Actual combat ｜ a tortuous fishing counteraction

The article was first published in ： The prophet community

https://xz.aliyun.com/t/11471

The origin of the story

It was a beautiful day , I am fishing , All of a sudden QQ A message pops up in the group , I'll open it up , I don't think it's easy . Here's the picture ：

After scanning the code, I found that I jumped to QQ Email login interface , Identified as a phishing site , The domain name is http://kak2.cn.

Just type it here , The page jumps to the following interface .

good heavens , Young man, you are good at playing , Collection complete QQ Email account password , Then collect a wave of personal information , You can't be too greedy . Get to work ！

Traceability Angler

We now have his domain name , Now collect the information about the domain name . Use the webmaster tool , Here's the picture .

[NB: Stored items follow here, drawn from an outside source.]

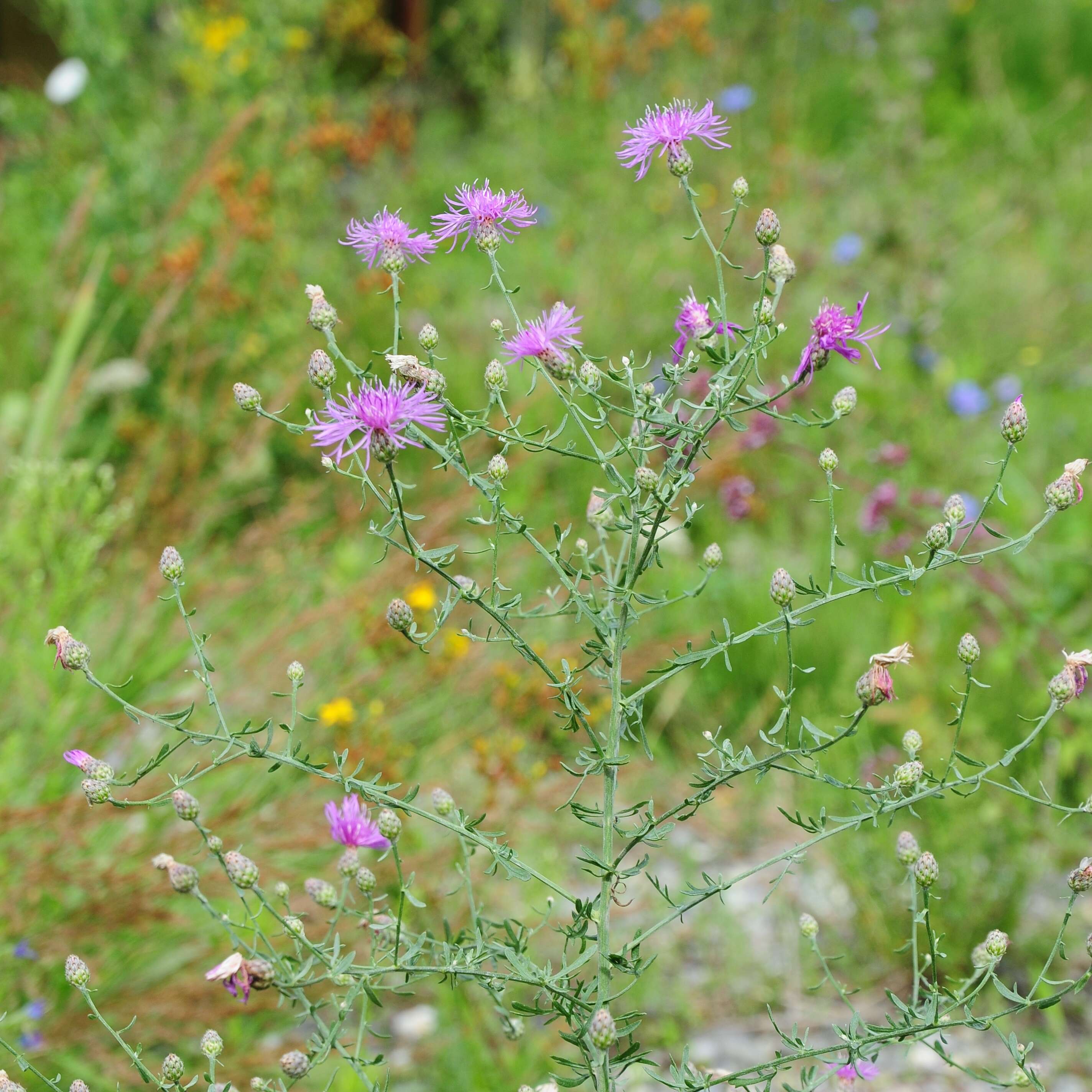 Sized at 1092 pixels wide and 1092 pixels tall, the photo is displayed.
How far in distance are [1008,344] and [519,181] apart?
2.21 meters

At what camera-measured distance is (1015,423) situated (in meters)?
0.99

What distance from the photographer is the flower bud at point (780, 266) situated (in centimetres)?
95

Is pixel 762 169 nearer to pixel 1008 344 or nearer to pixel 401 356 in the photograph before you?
pixel 1008 344

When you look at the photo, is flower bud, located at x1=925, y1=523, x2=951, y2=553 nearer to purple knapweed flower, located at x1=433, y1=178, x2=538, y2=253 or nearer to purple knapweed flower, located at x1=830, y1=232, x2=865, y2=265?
purple knapweed flower, located at x1=433, y1=178, x2=538, y2=253

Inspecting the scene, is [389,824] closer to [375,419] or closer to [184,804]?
[184,804]

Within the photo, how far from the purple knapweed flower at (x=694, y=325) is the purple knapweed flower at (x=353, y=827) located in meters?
0.47

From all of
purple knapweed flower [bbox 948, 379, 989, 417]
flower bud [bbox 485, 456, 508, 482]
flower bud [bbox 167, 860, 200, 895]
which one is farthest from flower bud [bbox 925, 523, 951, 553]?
purple knapweed flower [bbox 948, 379, 989, 417]

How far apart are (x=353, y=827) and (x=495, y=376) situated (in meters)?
0.40

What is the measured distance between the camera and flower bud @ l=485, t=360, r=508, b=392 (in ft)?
3.11

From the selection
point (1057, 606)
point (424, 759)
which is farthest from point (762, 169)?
point (424, 759)

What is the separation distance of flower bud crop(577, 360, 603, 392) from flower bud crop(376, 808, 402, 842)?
0.38m

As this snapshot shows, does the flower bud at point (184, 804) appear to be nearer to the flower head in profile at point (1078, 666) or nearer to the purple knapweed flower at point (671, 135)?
the purple knapweed flower at point (671, 135)

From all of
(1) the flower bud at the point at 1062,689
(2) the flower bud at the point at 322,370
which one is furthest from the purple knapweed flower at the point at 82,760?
(1) the flower bud at the point at 1062,689

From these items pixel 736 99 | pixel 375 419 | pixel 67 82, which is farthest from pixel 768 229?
pixel 736 99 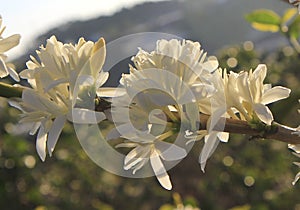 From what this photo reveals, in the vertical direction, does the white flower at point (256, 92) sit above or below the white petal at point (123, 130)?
below

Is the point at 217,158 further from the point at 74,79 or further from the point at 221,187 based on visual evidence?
the point at 74,79

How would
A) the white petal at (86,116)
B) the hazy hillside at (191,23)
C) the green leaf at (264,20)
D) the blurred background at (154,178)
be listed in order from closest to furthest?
the white petal at (86,116) → the green leaf at (264,20) → the blurred background at (154,178) → the hazy hillside at (191,23)

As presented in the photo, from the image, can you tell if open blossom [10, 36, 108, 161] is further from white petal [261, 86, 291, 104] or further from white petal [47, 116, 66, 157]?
white petal [261, 86, 291, 104]

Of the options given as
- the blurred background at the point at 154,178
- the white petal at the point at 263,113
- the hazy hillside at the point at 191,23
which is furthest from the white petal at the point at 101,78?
the hazy hillside at the point at 191,23

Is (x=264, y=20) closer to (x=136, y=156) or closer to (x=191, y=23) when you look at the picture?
(x=136, y=156)

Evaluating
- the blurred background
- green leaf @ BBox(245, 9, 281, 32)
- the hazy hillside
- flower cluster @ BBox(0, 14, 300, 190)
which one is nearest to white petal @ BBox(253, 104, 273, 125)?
flower cluster @ BBox(0, 14, 300, 190)

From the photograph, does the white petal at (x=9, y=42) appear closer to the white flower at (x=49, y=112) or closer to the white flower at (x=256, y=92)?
the white flower at (x=49, y=112)

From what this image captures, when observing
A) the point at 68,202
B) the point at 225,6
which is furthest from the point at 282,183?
the point at 225,6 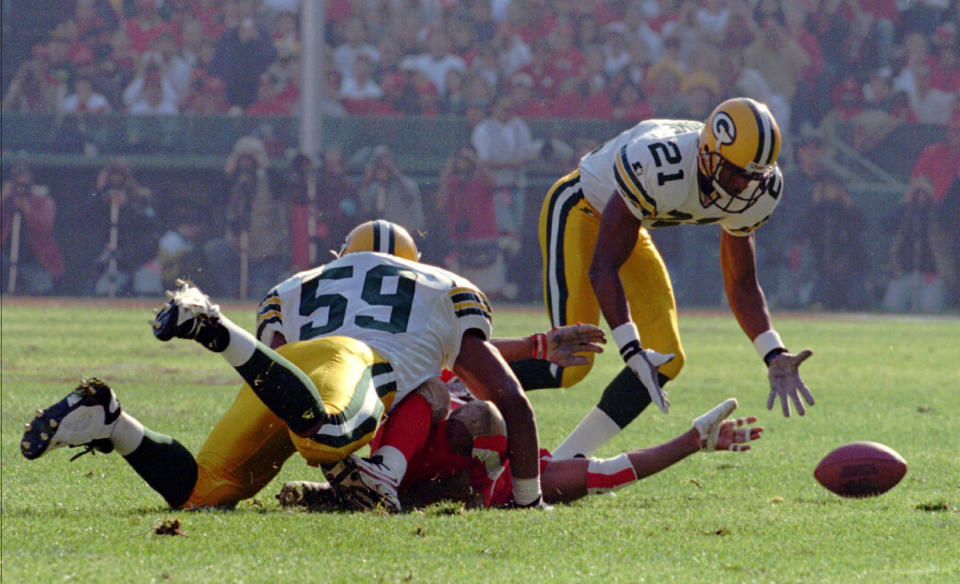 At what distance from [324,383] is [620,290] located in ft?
4.29

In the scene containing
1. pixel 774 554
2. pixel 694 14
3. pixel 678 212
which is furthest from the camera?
pixel 694 14

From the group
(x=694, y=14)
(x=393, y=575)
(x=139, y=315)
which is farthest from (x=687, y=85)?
(x=393, y=575)

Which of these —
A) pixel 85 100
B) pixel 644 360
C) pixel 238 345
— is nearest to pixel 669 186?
pixel 644 360

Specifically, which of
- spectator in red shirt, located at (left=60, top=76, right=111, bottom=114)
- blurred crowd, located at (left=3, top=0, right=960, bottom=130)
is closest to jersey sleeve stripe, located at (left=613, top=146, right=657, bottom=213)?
blurred crowd, located at (left=3, top=0, right=960, bottom=130)

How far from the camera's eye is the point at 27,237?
16.3m

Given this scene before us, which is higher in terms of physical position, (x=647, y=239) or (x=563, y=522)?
(x=647, y=239)

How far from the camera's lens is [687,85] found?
656 inches

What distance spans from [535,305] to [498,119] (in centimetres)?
238

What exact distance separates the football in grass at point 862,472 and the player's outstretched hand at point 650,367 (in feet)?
2.01

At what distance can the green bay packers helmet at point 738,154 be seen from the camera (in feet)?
15.2

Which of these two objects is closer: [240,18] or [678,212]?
[678,212]

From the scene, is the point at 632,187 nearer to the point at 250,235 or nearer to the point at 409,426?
the point at 409,426

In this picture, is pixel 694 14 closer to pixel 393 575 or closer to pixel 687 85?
pixel 687 85

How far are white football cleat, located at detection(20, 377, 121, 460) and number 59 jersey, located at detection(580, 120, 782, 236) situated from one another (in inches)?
82.0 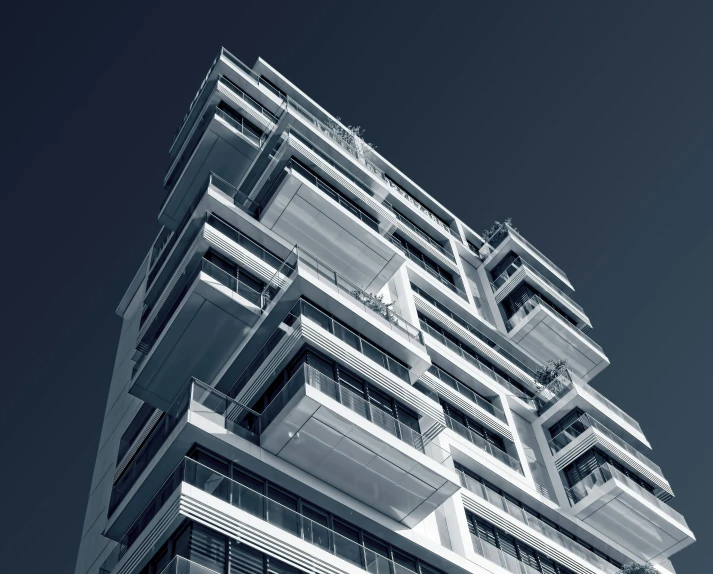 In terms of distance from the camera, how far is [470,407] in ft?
106

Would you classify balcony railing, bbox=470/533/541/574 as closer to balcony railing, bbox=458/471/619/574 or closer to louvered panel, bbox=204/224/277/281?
balcony railing, bbox=458/471/619/574

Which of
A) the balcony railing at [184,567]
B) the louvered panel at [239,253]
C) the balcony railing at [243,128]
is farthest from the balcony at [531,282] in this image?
the balcony railing at [184,567]

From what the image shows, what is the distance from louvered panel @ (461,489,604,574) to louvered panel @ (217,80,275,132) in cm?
1961

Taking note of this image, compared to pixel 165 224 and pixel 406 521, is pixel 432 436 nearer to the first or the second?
pixel 406 521

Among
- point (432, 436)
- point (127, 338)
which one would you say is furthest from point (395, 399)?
point (127, 338)

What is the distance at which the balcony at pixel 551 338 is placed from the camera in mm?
40000

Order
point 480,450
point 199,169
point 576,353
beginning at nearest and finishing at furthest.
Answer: point 480,450 < point 199,169 < point 576,353

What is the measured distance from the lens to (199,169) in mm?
36688

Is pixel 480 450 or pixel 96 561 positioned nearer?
pixel 96 561

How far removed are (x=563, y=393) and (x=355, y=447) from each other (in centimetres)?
1607

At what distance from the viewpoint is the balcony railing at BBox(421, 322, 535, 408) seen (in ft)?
116

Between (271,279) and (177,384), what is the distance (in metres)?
5.28

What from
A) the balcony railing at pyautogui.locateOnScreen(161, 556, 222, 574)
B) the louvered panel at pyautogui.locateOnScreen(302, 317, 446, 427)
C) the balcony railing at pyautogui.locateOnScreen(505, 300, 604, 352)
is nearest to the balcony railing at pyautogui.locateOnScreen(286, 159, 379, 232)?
the louvered panel at pyautogui.locateOnScreen(302, 317, 446, 427)

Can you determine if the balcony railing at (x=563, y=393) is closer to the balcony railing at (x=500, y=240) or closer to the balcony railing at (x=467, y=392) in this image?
the balcony railing at (x=467, y=392) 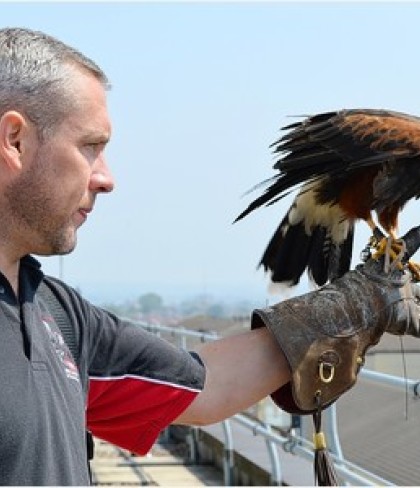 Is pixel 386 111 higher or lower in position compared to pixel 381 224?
higher

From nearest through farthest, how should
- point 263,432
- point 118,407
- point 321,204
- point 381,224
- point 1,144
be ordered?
point 1,144 → point 118,407 → point 381,224 → point 321,204 → point 263,432

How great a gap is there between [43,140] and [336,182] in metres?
3.15

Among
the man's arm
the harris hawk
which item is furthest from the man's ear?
the harris hawk

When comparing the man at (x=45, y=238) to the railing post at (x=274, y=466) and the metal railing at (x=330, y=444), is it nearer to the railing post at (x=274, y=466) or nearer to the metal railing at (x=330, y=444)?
the metal railing at (x=330, y=444)

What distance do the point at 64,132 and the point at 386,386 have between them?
114 inches

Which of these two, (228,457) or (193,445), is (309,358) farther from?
(193,445)

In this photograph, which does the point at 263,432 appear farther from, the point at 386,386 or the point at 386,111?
the point at 386,111

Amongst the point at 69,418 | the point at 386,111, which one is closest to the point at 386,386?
the point at 386,111

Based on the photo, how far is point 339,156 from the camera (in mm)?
4562

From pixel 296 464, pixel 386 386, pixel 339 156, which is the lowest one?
pixel 296 464

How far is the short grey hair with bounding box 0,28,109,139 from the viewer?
77.2 inches

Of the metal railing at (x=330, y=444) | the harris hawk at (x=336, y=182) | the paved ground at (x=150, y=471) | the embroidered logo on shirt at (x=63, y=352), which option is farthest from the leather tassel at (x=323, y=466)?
the paved ground at (x=150, y=471)

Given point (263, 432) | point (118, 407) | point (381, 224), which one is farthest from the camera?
point (263, 432)

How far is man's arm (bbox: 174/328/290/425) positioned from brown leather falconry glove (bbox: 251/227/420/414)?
1.7 inches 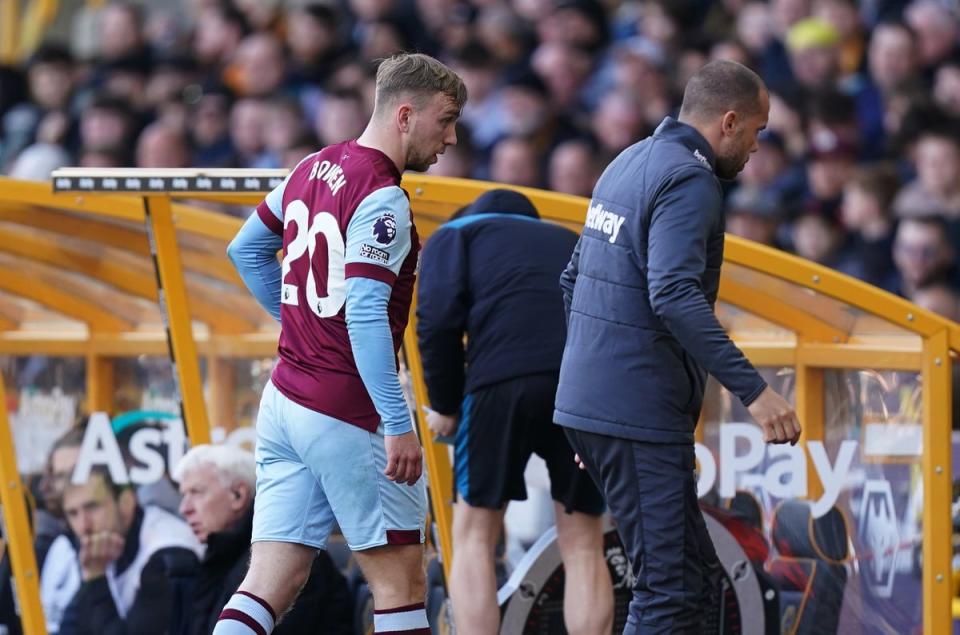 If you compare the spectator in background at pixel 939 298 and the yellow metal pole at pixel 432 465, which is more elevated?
the spectator in background at pixel 939 298

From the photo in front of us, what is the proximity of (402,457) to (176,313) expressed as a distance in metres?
1.85

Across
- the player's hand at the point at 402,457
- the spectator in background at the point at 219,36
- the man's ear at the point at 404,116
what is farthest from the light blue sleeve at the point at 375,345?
the spectator in background at the point at 219,36

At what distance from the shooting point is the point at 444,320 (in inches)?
198

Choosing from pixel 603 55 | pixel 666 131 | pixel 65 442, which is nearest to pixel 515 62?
pixel 603 55

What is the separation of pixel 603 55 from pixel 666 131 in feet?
20.2

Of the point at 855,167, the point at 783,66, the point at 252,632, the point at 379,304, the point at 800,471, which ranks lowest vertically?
the point at 252,632

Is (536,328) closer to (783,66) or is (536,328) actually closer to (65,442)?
(65,442)

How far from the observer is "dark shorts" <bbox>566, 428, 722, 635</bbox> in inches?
161

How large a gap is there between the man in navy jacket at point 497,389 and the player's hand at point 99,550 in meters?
1.57

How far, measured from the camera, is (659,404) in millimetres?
4152

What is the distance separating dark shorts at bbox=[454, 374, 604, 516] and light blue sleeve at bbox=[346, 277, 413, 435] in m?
1.00

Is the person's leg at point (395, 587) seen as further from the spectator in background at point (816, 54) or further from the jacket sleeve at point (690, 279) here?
the spectator in background at point (816, 54)

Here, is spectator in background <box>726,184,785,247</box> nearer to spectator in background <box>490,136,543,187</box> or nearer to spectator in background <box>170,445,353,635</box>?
spectator in background <box>490,136,543,187</box>

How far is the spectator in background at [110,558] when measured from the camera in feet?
19.8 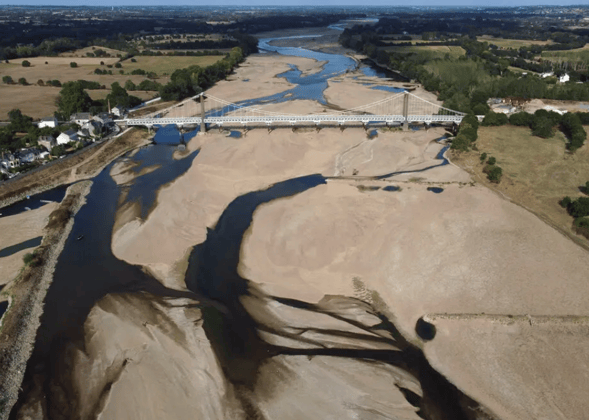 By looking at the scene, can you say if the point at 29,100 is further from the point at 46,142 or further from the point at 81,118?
the point at 46,142

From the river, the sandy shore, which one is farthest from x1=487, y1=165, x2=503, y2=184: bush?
the sandy shore

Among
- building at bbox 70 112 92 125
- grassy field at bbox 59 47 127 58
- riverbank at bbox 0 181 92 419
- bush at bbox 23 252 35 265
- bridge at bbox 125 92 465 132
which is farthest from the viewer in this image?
→ grassy field at bbox 59 47 127 58

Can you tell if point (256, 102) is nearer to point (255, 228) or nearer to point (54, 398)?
point (255, 228)

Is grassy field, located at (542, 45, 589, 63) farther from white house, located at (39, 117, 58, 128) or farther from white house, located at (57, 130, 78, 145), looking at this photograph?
white house, located at (39, 117, 58, 128)

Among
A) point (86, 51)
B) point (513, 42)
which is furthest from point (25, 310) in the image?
point (513, 42)

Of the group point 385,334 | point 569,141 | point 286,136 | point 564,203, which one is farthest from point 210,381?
point 569,141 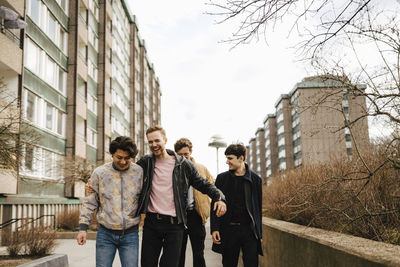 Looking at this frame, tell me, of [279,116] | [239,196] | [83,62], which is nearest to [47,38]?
[83,62]

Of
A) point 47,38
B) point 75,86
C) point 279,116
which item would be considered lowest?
point 75,86

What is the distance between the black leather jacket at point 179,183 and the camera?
4.32 metres

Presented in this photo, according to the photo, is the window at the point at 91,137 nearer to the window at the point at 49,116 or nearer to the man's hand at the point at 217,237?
the window at the point at 49,116

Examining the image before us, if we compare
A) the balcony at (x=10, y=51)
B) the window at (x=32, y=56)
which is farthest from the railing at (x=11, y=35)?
the window at (x=32, y=56)

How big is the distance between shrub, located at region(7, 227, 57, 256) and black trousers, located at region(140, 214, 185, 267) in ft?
18.4

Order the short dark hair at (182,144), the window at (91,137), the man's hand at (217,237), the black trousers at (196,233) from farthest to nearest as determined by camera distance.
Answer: the window at (91,137) < the short dark hair at (182,144) < the black trousers at (196,233) < the man's hand at (217,237)

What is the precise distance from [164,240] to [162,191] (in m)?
0.49

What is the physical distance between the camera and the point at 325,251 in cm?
448

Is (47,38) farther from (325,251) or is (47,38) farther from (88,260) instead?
(325,251)

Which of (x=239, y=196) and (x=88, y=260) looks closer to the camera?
(x=239, y=196)

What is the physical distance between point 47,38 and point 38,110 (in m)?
4.36

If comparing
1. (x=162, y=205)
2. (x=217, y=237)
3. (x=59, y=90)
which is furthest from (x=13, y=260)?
(x=59, y=90)

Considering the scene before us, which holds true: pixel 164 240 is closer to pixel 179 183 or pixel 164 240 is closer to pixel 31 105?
pixel 179 183

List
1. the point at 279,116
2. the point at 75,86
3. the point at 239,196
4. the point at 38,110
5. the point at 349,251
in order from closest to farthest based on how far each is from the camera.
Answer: the point at 349,251
the point at 239,196
the point at 38,110
the point at 75,86
the point at 279,116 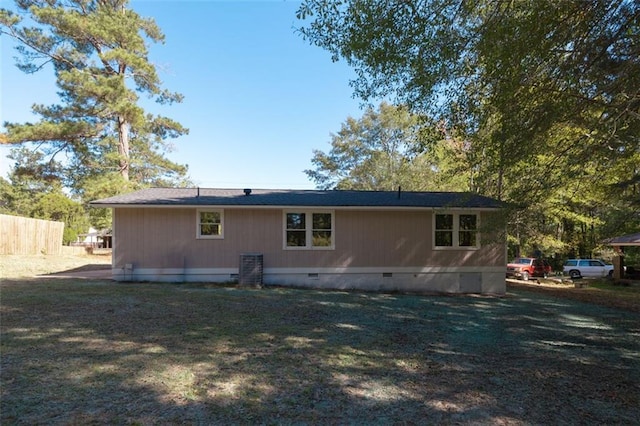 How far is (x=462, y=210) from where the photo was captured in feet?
40.1

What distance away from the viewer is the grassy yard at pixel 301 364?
3.26 metres

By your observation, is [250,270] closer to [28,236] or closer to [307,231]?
[307,231]

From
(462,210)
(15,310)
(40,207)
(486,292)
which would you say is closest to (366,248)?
(462,210)

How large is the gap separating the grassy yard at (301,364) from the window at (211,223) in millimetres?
3792

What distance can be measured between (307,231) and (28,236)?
1386 centimetres

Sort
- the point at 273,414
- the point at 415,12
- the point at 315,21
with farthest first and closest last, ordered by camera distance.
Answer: the point at 315,21 < the point at 415,12 < the point at 273,414

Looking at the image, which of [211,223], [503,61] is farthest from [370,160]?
[503,61]

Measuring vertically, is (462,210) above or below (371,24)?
below

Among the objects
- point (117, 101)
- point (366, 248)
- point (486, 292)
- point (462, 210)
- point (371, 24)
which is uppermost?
point (117, 101)

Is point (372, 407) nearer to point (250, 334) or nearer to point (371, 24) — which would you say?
point (250, 334)

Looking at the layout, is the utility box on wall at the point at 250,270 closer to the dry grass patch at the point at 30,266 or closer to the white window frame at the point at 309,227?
the white window frame at the point at 309,227

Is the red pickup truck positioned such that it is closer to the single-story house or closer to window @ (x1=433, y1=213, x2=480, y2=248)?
the single-story house

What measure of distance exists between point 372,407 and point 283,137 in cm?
2554

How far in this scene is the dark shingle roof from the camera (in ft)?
37.4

You can find the name and email address of the domain name registrant . The mailbox is not displayed completely , Here, you can query by micro step . Here's the picture

Here are two things to focus on , Here I got the complete email address and knew that this is Alibaba cloud .

Check the mailbox , It is found that multiple domain names have been registered under this mailbox in May and June , The names are all liujuda , The probability is used for fishing .

Try to add QQ, It was found that this man could not be found , This is awkward .

The collection of information about anglers has come to an end , Next, start working on its website .

Attack phishing sites

We got the domain name before , Now infiltrate the site , What's the idea ？ We can do a domain name 、 Directory scanning , If there is no information , Then start looking at the phishing site itself to see if it can be used .

First, scan the domain name , Nothing , Here's the picture ：

Then start to scan the domain name , Here's the picture

The directory that came out , Basically no permission , All are 403. There is nothing to use .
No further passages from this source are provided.